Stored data
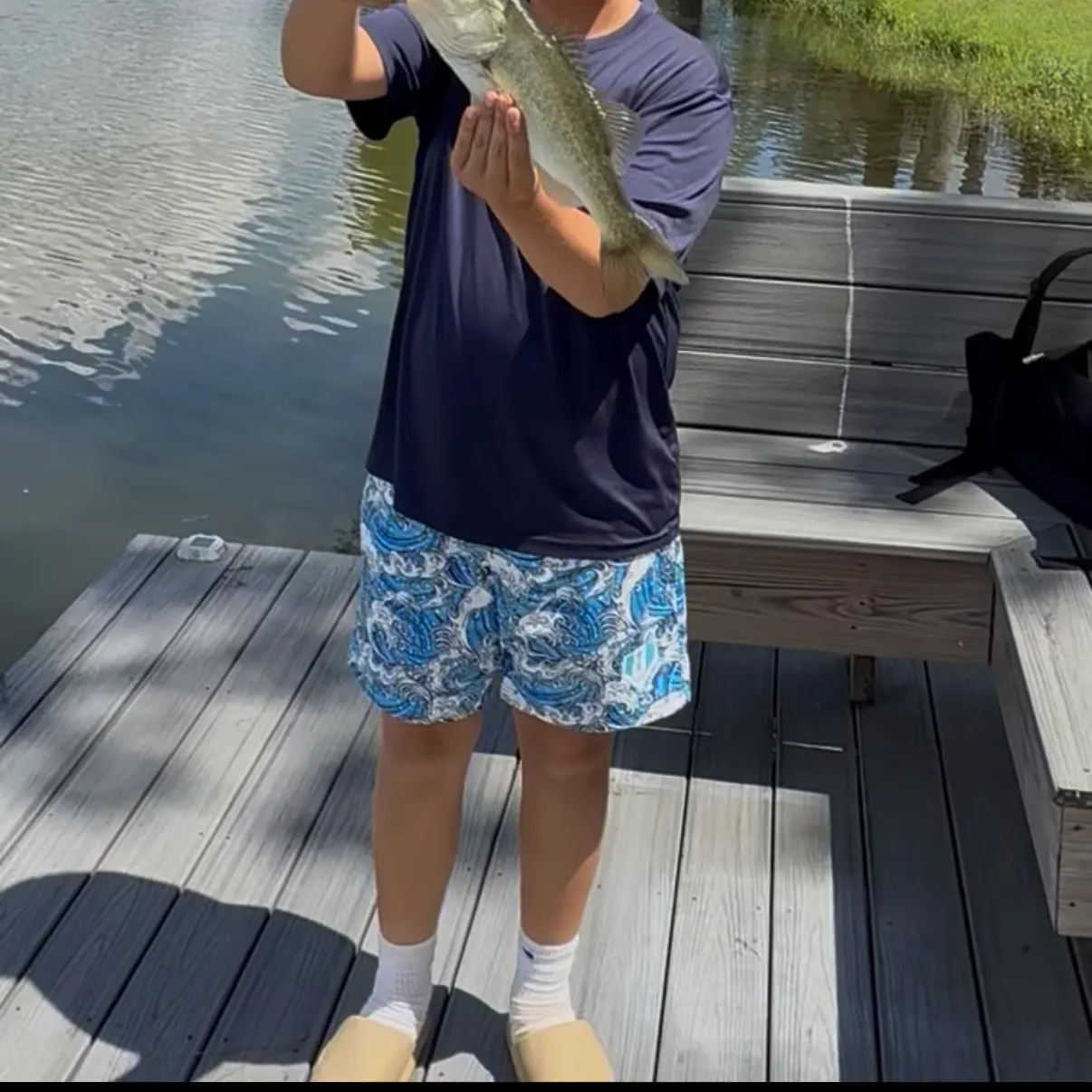 Largemouth bass caught on Fishbrain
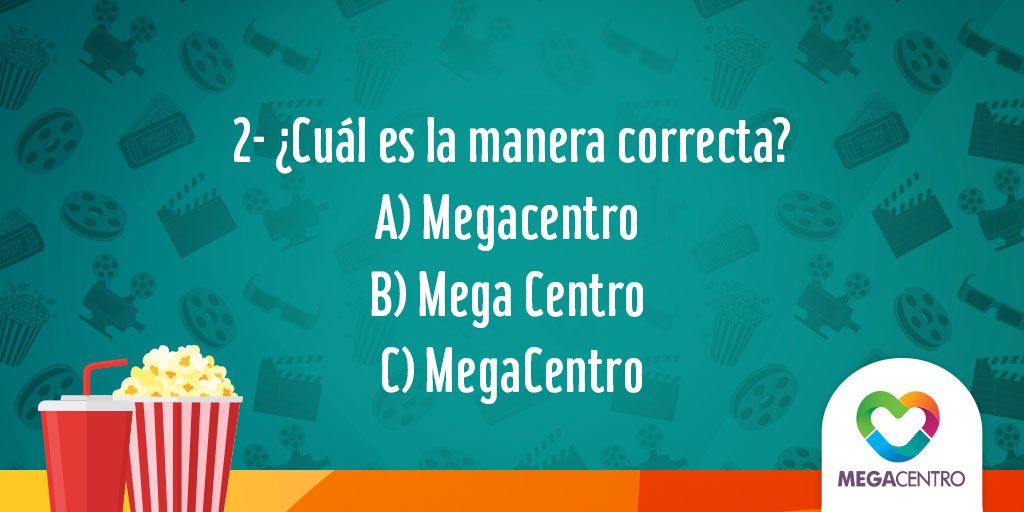 MegacentroRD's tweet photo. Responde correctamente usando el HT #AlCineConMegacentro, haz Retweet y gana 4 boletas 3D de @caribbeancine 🍿 🎥 🎞

El ganador se elegirá al azar entre todos los participantes 😀 https://t.co/iaktjPtoww
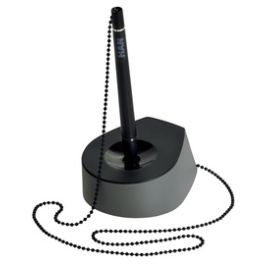 HAN Porte-stylo à bille SALSA, gris foncé / noir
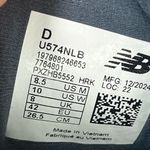 New Balance  574 Sneakers Men's US 8.5/ Women’s 10 Blue Suede Lifestyle Shoes Photo 7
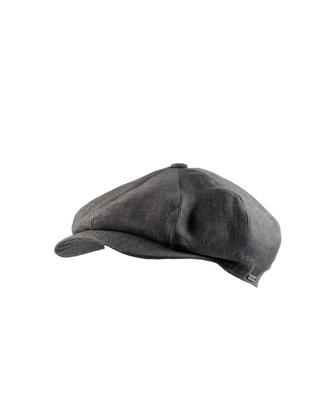 Wigéns Newsboy Retro Keps – Mörk oliv härlig retro herrkeps från wigéns fotad mot en vit bakgrund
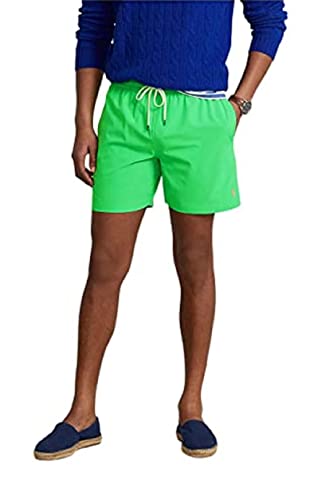 POLO RALPH LAUREN Men's Classic Swim Trunks Green Size 2XL (XXL)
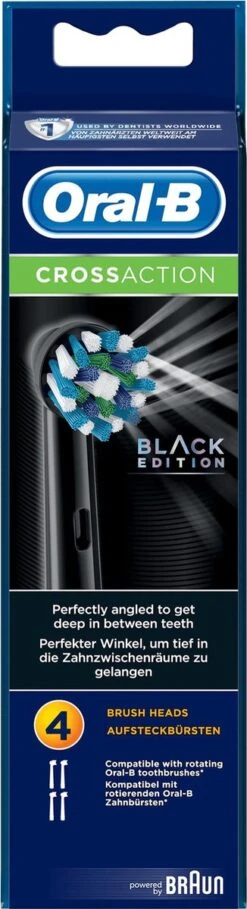 Oral B Oral-B CrossAction Zwart Opzetborstels - 4 Stuks -Verzorgingsproducten 326x1200 5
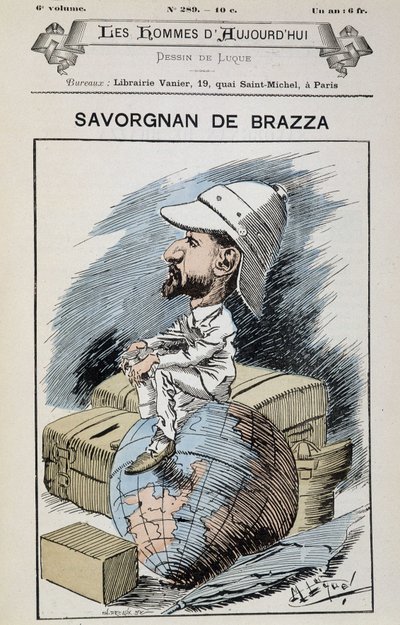 Savorgnan de Brazza - por Gill, en “Today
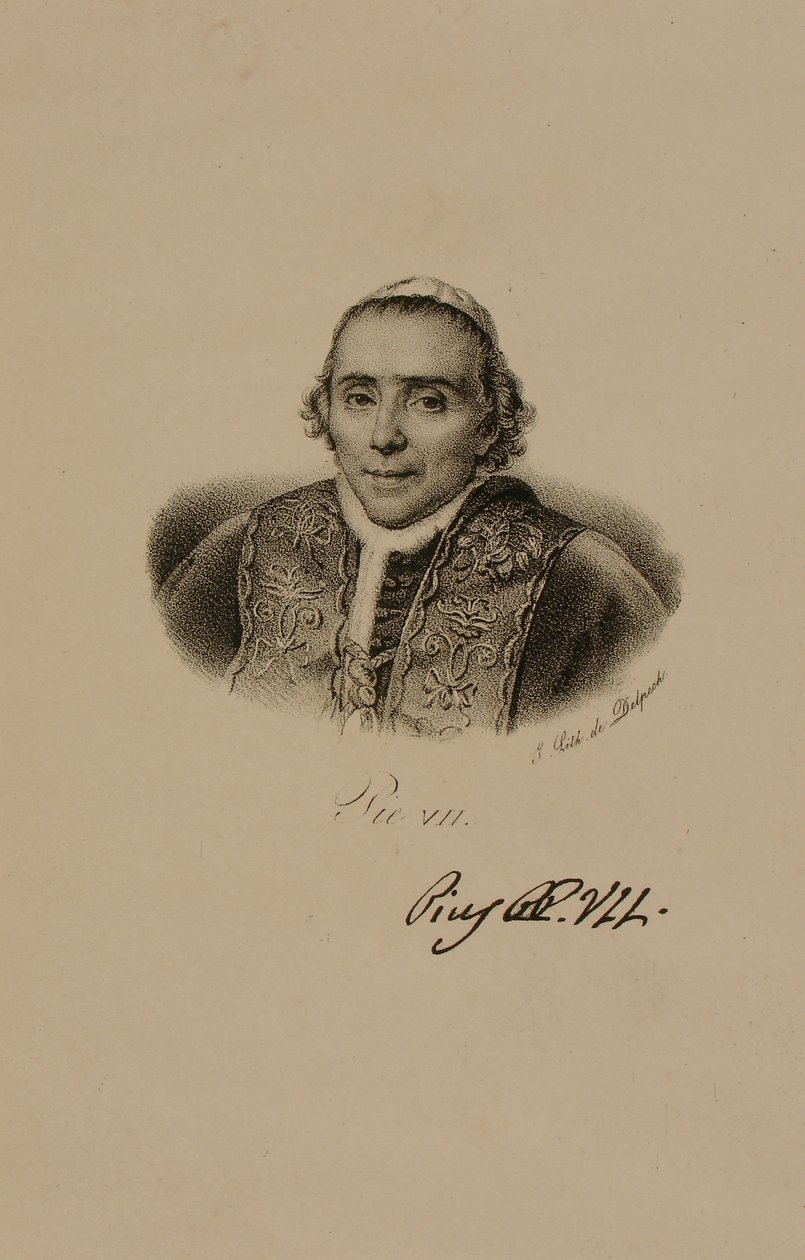 Portrett av pave Pius VII av Francois Seraphin Delpech
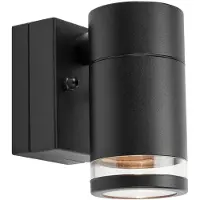 Markslöjd Utendørs LED-vegglampe Luno, svart, 1 lyskilde, IP65, dimbar.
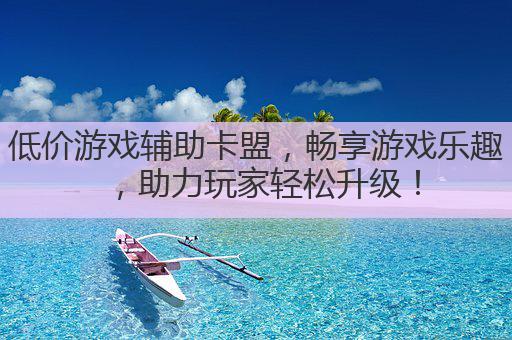 低价游戏辅助卡盟,畅享游戏乐趣,助力玩家轻松升级!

* _Problem details_: Please, leaving out all pictures, transcribe exactly the lines above from the one containing "Oral B Oral-B" through the final line, both included.

* _Solution to the exercise_:
 Oral B Oral-B CrossAction Zwart Opzetborstels - 4 Stuks -Verzorgingsproducten 326x1200 5
 Savorgnan de Brazza - por Gill, en “Today
 Portrett av pave Pius VII av Francois Seraphin Delpech
 Markslöjd Utendørs LED-vegglampe Luno, svart, 1 lyskilde, IP65, dimbar.
 低价游戏辅助卡盟,畅享游戏乐趣,助力玩家轻松升级!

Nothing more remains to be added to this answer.